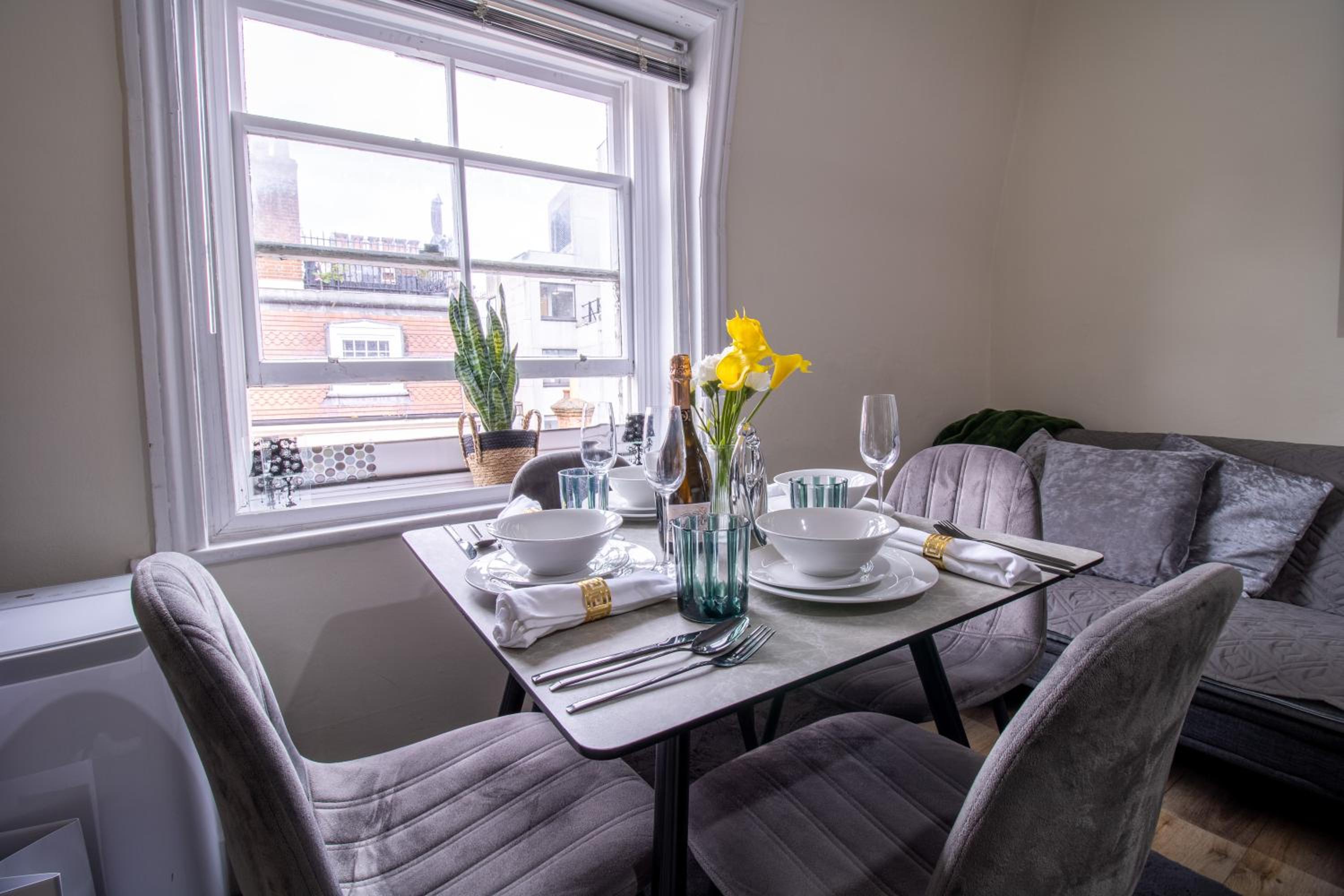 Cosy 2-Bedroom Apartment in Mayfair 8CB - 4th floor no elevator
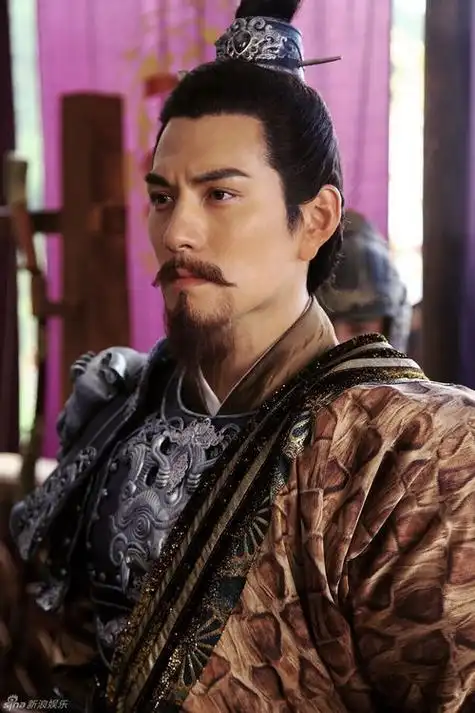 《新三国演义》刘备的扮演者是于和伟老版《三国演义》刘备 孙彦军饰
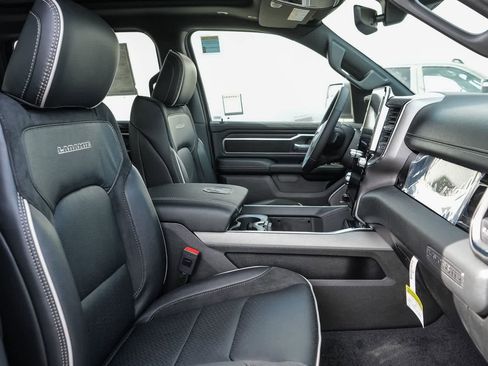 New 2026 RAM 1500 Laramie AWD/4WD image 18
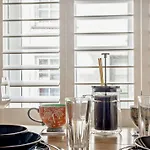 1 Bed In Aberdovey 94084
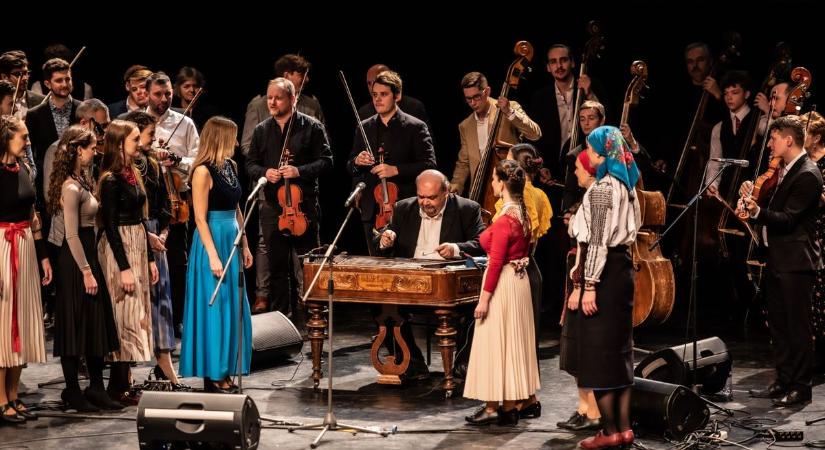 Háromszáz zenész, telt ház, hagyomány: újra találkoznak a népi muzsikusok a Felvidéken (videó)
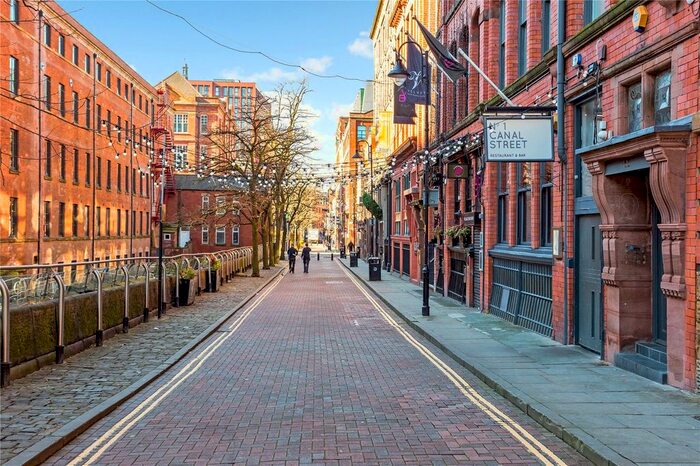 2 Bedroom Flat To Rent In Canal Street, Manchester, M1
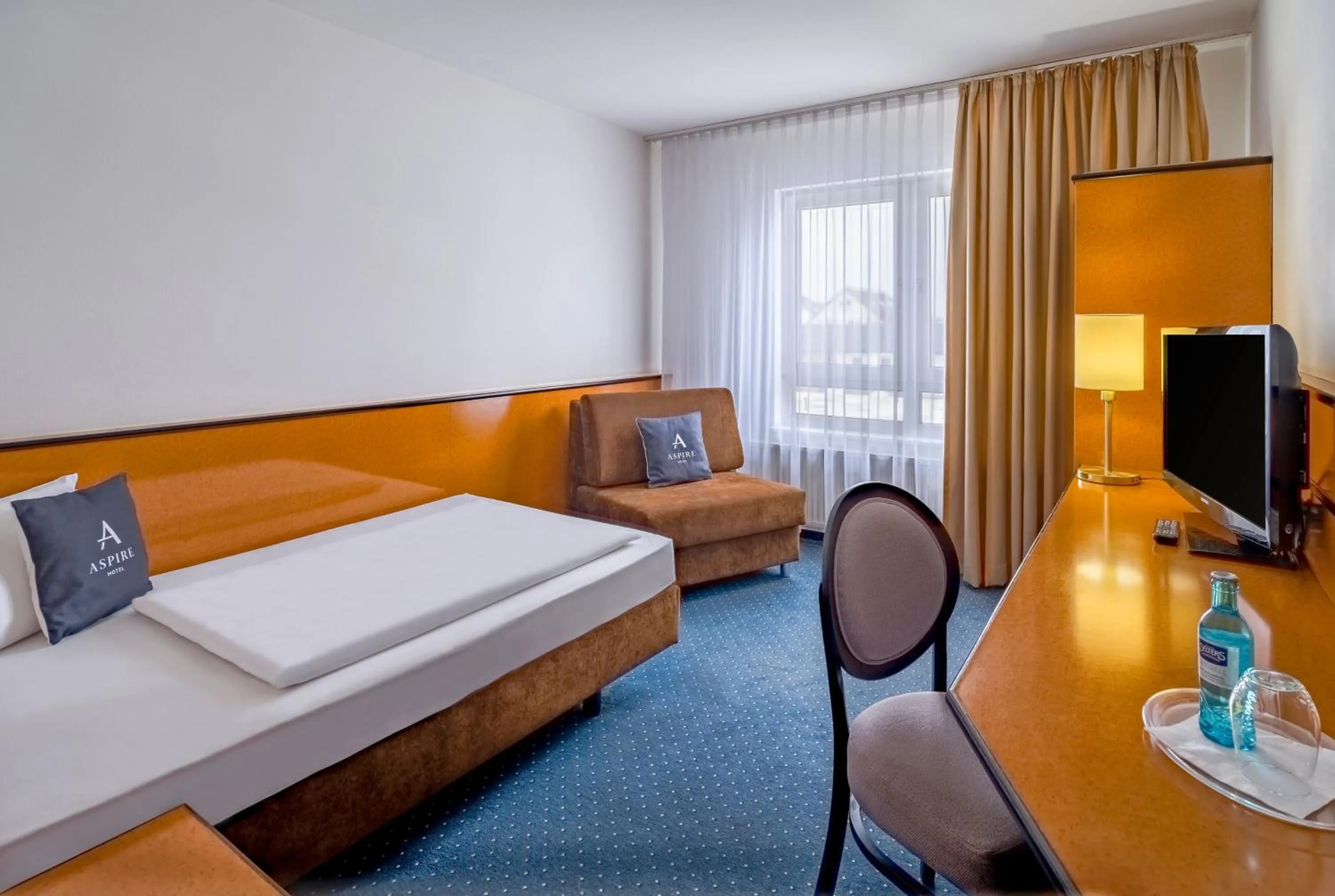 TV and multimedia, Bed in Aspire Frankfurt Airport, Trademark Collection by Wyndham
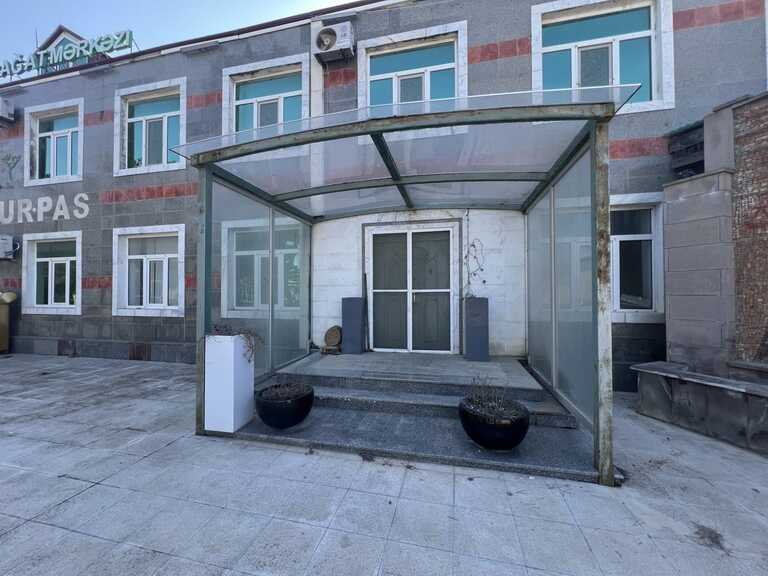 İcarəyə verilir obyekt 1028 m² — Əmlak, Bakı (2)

■ Activity: When copying from the data above, print only the lines from the line containing "New 2026 RAM 1500 Laramie AWD/4WD image 18" to the line containing "2 Bedroom Flat", exactly, and leave the pictures out.

■ Response to the exercise:
 New 2026 RAM 1500 Laramie AWD/4WD image 18
 1 Bed In Aberdovey 94084
 Háromszáz zenész, telt ház, hagyomány: újra találkoznak a népi muzsikusok a Felvidéken (videó)
 2 Bedroom Flat To Rent In Canal Street, Manchester, M1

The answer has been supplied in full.